Drug-drug interactions are difficult to evaluate in clinical trial settings The number of potential drug combinations in a real-life population is very large, and it doesn't make sense to include all
potential combinations in clinical trials unless there is a strong pharmacological basis for testing for a small number of
Better Databases Ahead
When a drug is approved, the manufacturer has an integrated safety database of all pre-marketing clinical trial results. But
to take full advantage of these data, manufacturers need to systematically enhance and utilize the database post-approval.
Too often, post-marketing safety data are not routinely integrated. The advent of electronic data capture (EDC), which encourages
standardization of data, has made it easier to merge data from multiple studies, and new results can be added almost in real
time. In addition, it has become easier to query databases for specific events because of the worldwide adoption of the Medical
Dictionary for Regulatory Activities (MedDRA) for coding adverse events. The database could be queried periodically and systematically
after a drug is introduced. Pre-marketing safety concerns, theoretical or actual, could be continually assessed.
An enhanced database of clinical trial data could also support evaluation of safety signals received as spontaneous reports.
Although only a small number of serious adverse reactions are typically reported through PV systems, when such an event occurs,
drug safety personnel need to evaluate quickly whether it represents an excess risk associated with the drug. Could it be
explained by the background rate (i.e., the incidence of events among patients with the same disease)? Is the adverse event
also associated with similar drugs (class effects)? Are there subgroups of patients with risk factors that predict occurrence
of the reaction? All of these factors must be reviewed to recommend a course of action.
Even an improved clinical trials database will have limitations. In the real world, an adverse event isn't necessarily caused
by the intrinsic toxicity of the drug. Many adverse events are caused by inappropriate use, such as taking the wrong dose
or taking a medication in spite of contraindications. These types of inappropriate use would not be assessed in a controlled
clinical trial environment. That can only happen after approval and extensive population drug exposure. And that is where
claims databases have their place.
Eventually, if electronic medical records become universal, and if they are implemented correctly, they may become the tool
of choice for assessing safety. In the meantime, thanks to the evolution of the healthcare financing system and advances in
information technology, healthcare claims databases have become a vast repository of information about a patient's health
and use of the healthcare system. The Health Insurance Portability and Accountability Act (HIPAA) allows the use of de-identified
data for public health research
Scientists trained in rigorous study design, data collection, and data analysis process may be skeptical about data they have
not collected first-hand. But routinely collected data, such as vital statistics, have played an important role in public-health
research for years. These secondary data are often as valuable as primary data in drug safety research.

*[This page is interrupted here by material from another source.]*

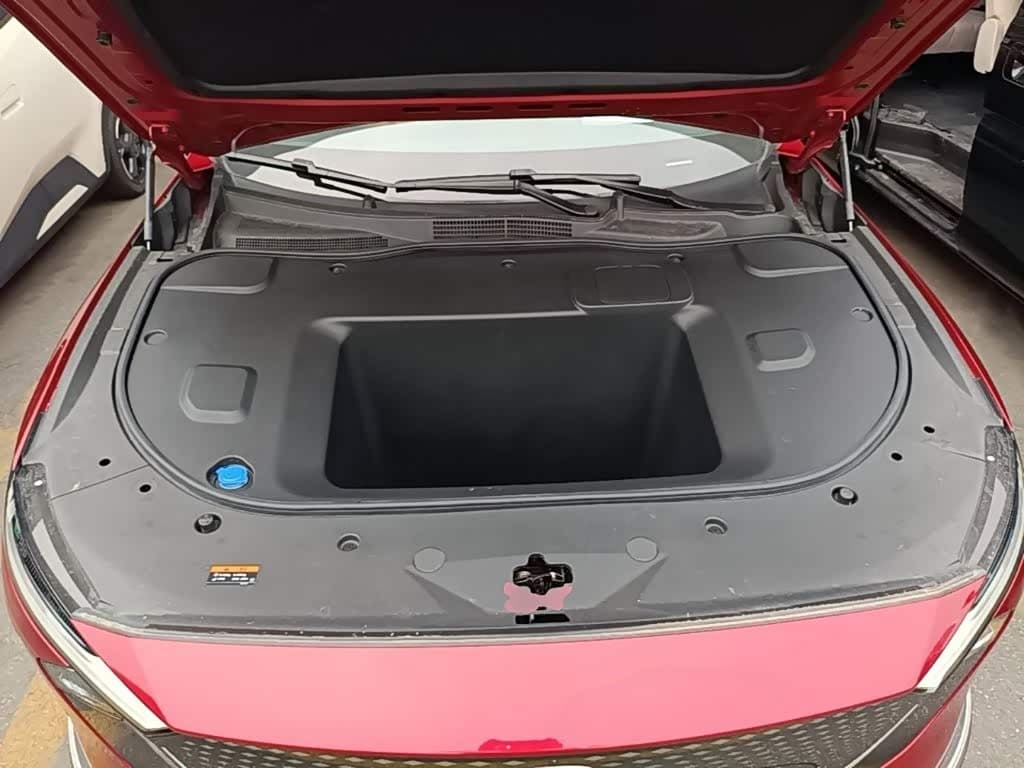 2024 Mazda EZ-6 Red, 16,700 km, China export – photo 20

FDA started to recognize the utility of large linked databases in the mid 1980s, when the agency initiated a number of cooperative
agreements to allow its officers to work with large data sources to carry out drug safety assessment. Since then, those data
sources have been used in many drug safety studies. On the industry side, pharmaceutical companies have sponsored many drug
safety studies using claims datasets.
In fall 2005, FDA awarded grants to i3 Drug Safety, Harvard Pilgrim Healthcare and HMO Research Network, Kaiser California,
and Vanderbilt University. The agency's goal was to (1) conduct drug safety analyses to the benefit of the public's health;
(2) respond expeditiously to urgent public safety concerns; (3) provide a mechanism for collaborative pharmacoepidemiological
research designed to test hypotheses, particularly those arising from suspected adverse reactions reported to FDA, and enable
rapid access to US population-based data sources.
Public policy must be based on solid science, but large-scale clinical trials are not the sole answer to important drug-safety
questions. Scientists are trained to design perfect studies, but public health scientists also understand the need for timely
data to guide regulatory decisions. The key is to strike a balance between the timeliness of data collection, the quality
of the data, and the validity of inference.